Parenthèse estivale
Ce sont des jours bizarres. Des jours qui ressemblent à l'ordinaire, et pourtant n'y ressemblent pas. Un automne qui ressemble à l'été, et qui pourtant file vers octobre. Des journées de travail qui ressemblent aux vacances, et qui pourtant entassent les travaux urgents sur le bureau. Et un bébé qui me ressemble, et qui pourtant ne me ressemble pas.

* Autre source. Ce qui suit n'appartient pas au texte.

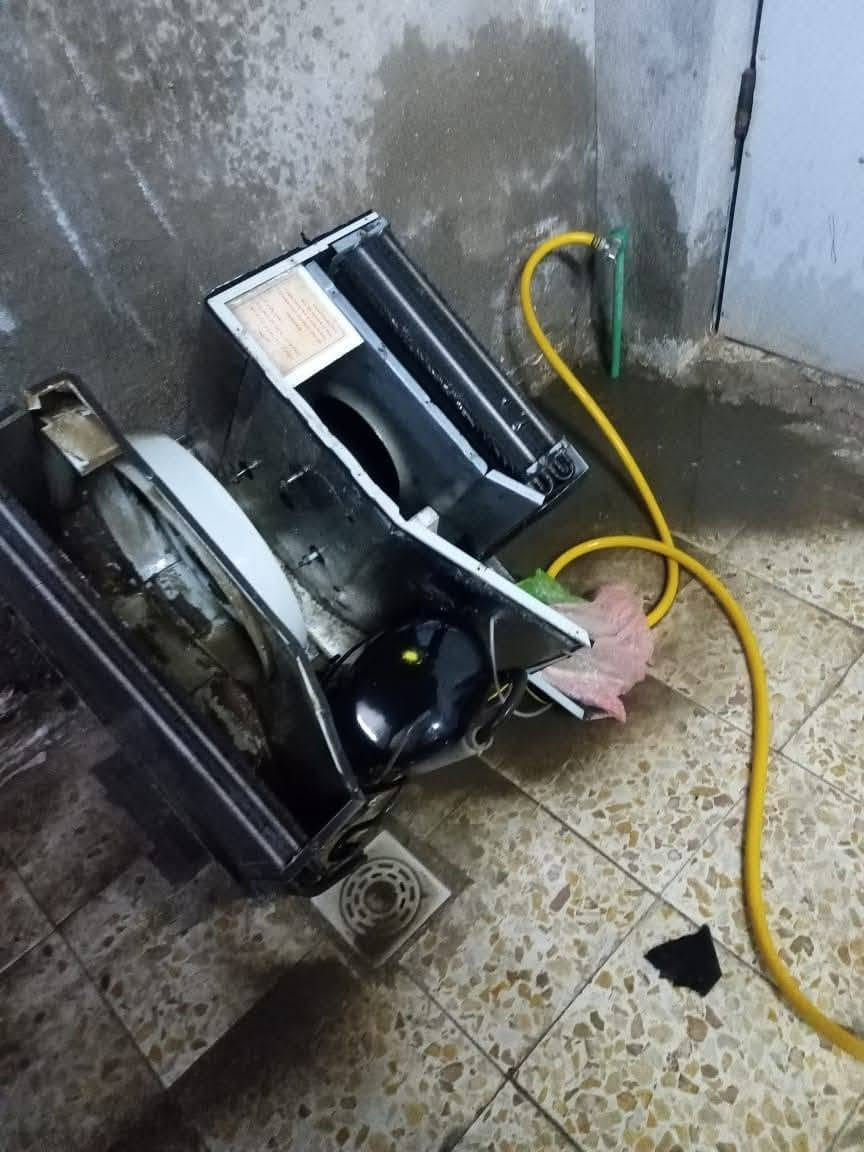 ورشة توسوت لتصليح اجهزة التبريد سبلت مكيف مجمدة ثلاجة براد ماء وغسالات مكاني حاليا حي الغدير اتصلو نجيكم للبيت وبخدمتكم نقدملكم الخدمات الزينه تصليح مضبوط مواد اصلية. سعر مناسب ***********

Ce matin, j'ai sorti du placard mon tee-shirt "I love Beyrouth". Un petit débardeur noir avec un gros cœur rouge en strass, acheté dans une petite boutique d'Hamra, quartier commerçant de Beyrouth, à deux pas de la Corniche. En fermant les yeux, je sentirais presque le parfum de la figue et entendrais presque la rumeur furieuse de la ville. J'ai ressorti également de la commode de la Sardine la petite robe à rayures roses que j'avais cousu cet été pour elle. Une petite robe tablier réalisée en double exemplaire : un premier modèle en 6 mois et un second en 2 ans pour sa cousine. En fermant les yeux, je revois les deux fillettes sur le balcon de l'appartement de Montréal. La grande, brune au regard mutin, qui tend ses mains vers la petite, gros bébé aux joues roses qui se cache dans sa poussette. Les vacances sont là, tout près. Ça sent la légèreté et la paresse. Pourtant, quand la Sardine me réveille à 7h, c'est maintenant la nuit de l'autre côté de la fenêtre de la cuisine. Et le soir, lorsque je tire les rideaux sur la Tour Eiffel qui fait scintiller les 20h, j'imagine la nuit noire qui, de nouveau, aura envahi bientôt Paris pour dégringoler vers l'hiver.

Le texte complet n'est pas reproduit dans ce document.